Like me, you probably sometimes get little reminders about how short life is. Try to “check in” with yourself on a regular basis and ask yourself if you are doing the things that will get you to your dreams and bring you the most joy. It’s easy to get stuck in the day-to-day, but it’s also so important to always keep an eye on the big picture.
We all have disappointments. Some are big and some are small, but we don’t want to let them ruin our day, throw us off track of out bigger goals, or spend too much time dwelling on them.
I’m sure if you have tried to get over a disappointment, you may have tried the usual tactics of distracting yourself, counting your blessings, or simply putting it out of your mind. But if those things don’t work, you might like some new ideas, especially if you find yourself in a rut or unable to move beyond the disappointment.
4 Simple Steps
Figure out how to avoid the same disappointment in the future.
Whatever it was that was a disappointment to you, don’t assume you know all the facts that led to it. Gather information, ask questions, and try to understand the situation better. For instance, if a potential business client decided to hire a competitor instead of you, find out why. Without trying to change his mind, ask him the main reasons for his decision and what you might have done differently to win his business.
Also, examine your own actions and see if you contributed in any way. Sometimes it’s easier to accept a disappointment if you can pinpoint exactly where you went wrong. It puts you in the driver’s seat to know exactly how to avoid the same disappointment in the future.
In my job as a legal recruiter, I was recently working on with a client to place a paralegal in a new position. I was practically obsessive with preparing my candidate and I did everything I could do make sure my client would offer her a position and she would accept – or so I thought. Very late in the process (at the very last step before an offer would be extended), there was a breakdown, and the whole thing fell apart. What a huge disappointment! But when I found out the details of the breakdown, I saw exactly where I failed to take an important step. Instead of beating myself up for it, I realized immediately that this was a huge learning experience and a lesson I wouldn’t forget. It didn’t take me long to get over the disappointment and move forward with finding another candidate for my client because I knew exactly what I needed to do to avoid that problem in the future
Stop Going Over The Details
That’s right, in Step One I said to go over the details, and now I’m saying to stop! The thing is, once you get your best understanding of the situation, that’s all you can do. It’s okay if you want to talk about it once to someone who will sympathize or if you feel the need to vent – once. But then after that, stop repeating your story, and stop going over it in your head.

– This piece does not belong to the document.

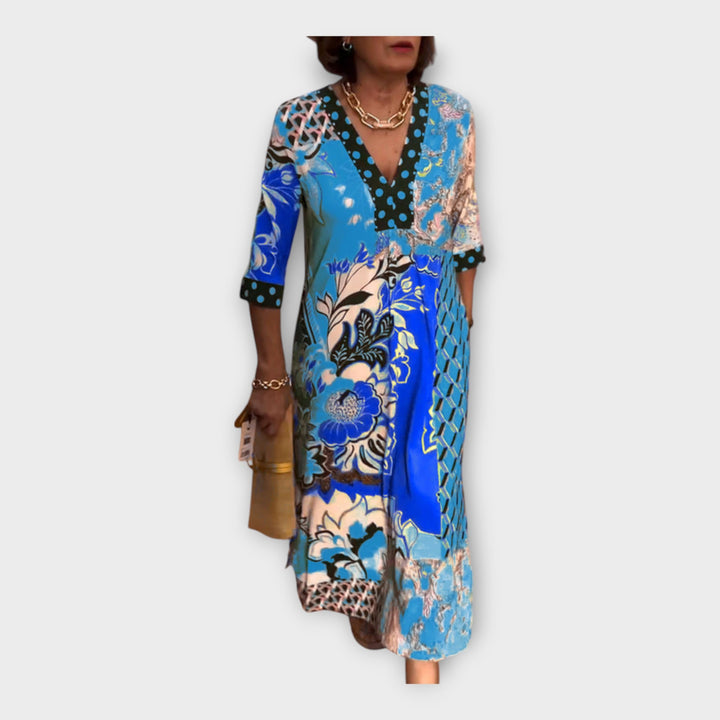 Multicolored Dress with Buttons and 3/4 Sleeves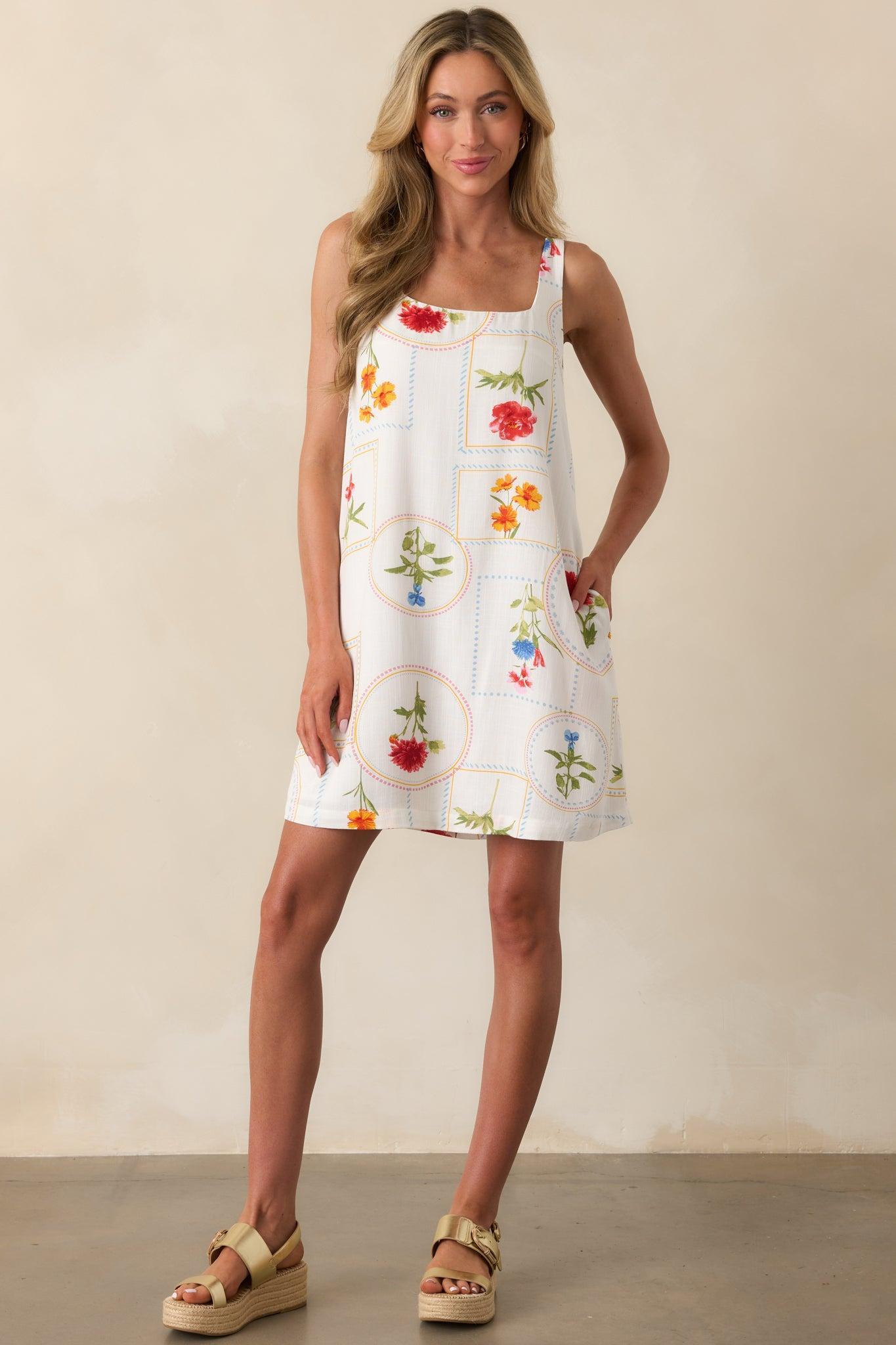 It Comes Easy To Me Ivory Floral Patchwork Mini Dress Product Image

This is important even if you can’t get a good understanding of what happened. Sometimes there is no logical explanation to something that happened, and there might not even be a way to avoid it in the future.
We’ve all known someone in a new romantic relationship who thinks it’s going great, and then just like that – it’s over. Why? Who knows. Maybe there’s no explanation. Or maybe there are a million reasons. But if you can’t get a good read on what happened, and the other person isn’t forthcoming, let it go. Some things just can’t be explained, and going over every detail of the relationship in your head over and over again still won’t provide you with any answers.
Don’t make the situation worse once you have done your best to understand it, and don’t let it suffocate you.
Get Completely Engrossed In Something Fun
After you’ve done your best to understand the disappointment and you have put a stop to going over it in your head, think of something fun you can do for a short time that will completely absorb your time and energy for a bit. My suggestion? Plan a surprise for someone!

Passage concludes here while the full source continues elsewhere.